## [PROBLEM DESCRIPTION]
For every line in the material, output its text exactly and exclude any image it holds.

## [RAW DATA]
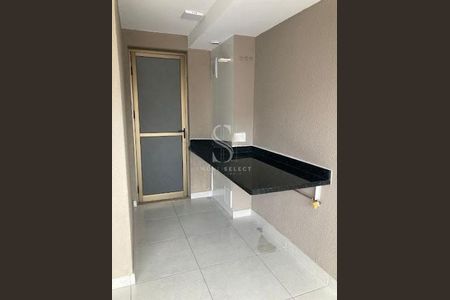 Apartamento à venda com 2 quartos, 63m² em Barra Funda, São Paulo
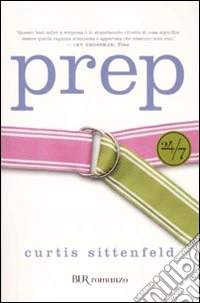 Prep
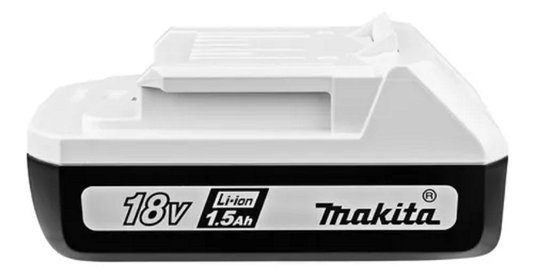 Bateria Bl1815G 18V 1.5Ah Li-Ion Makita 198186-3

## [WRITTEN ANSWER]
 Apartamento à venda com 2 quartos, 63m² em Barra Funda, São Paulo
 Prep
 Bateria Bl1815G 18V 1.5Ah Li-Ion Makita 198186-3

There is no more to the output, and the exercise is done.